Hilma af Klint, De tio största, nr 3. Ynglingaåldern, 1907 Stiftelsen Hilma af Klints Verk

Hilma af Klint

3.11 2005 – 23.4 2006


Hilma af Klint’s (1862-1944) ultra-modern works have intrigued the art world since the late 1900s. Where other pioneers of abstract art, for instance, Kandinsky and Malevich, sought to revolutionise the conventional concepts of art, her approach to the abstract was inspired by spiritism, theosophy and anthroposophy. Hilma af Klint did not ascribe to any of the established avant-garde movements of her time. Instead, she saw herself as a medium.

After studying at the Royal Academy of Art in Stockholm, Hilma af Klint embarked on a major suite of paintings in 1904-06. She herself described it as a spiritual “mission”. She earned a living as a portrait painter, a common fate for women artists. Convinced that her contemporaries would not understand her spiritual works, she stipulated that they must not be exhibited until 20 years after her death.

In 1986, a murmur went through the international art scene. A Swedish hitherto unknown woman painter was presented as a key figure in the exhibition The Spiritual in Art – Abstract Painting 1890-1985 in Los Angeles.
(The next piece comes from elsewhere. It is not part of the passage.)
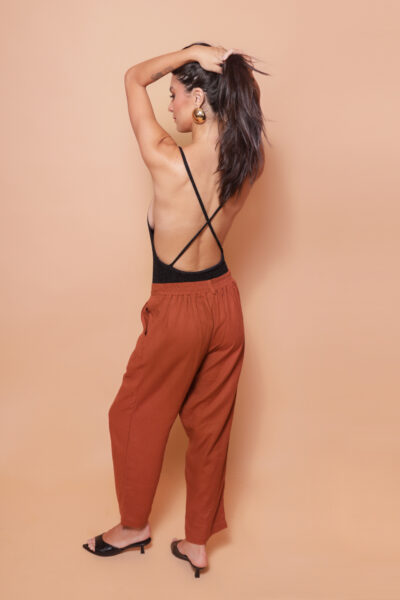 Body alça cruzada lurex preto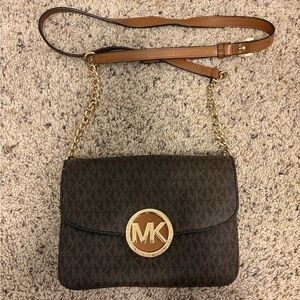 Michael Kors Crossbody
Even though abstract art has often been perceived as a primarily formalistic movement – a play with colours and shapes – the pioneers were remarkably often driven by spiritual conviction.

Today, Hilma af Klint’s oeuvre is the legacy of a foundation that has generously deposited several of her works in Moderna Museet. Here is one of the paintings from 1907 which were intended for the spiral-shaped temple the artist dreamed of building for her works. Also shown are a number of the paintings in the Swan series from 1915, along with a few examples of the freer compositions she embarked on after she had completed her “mission”.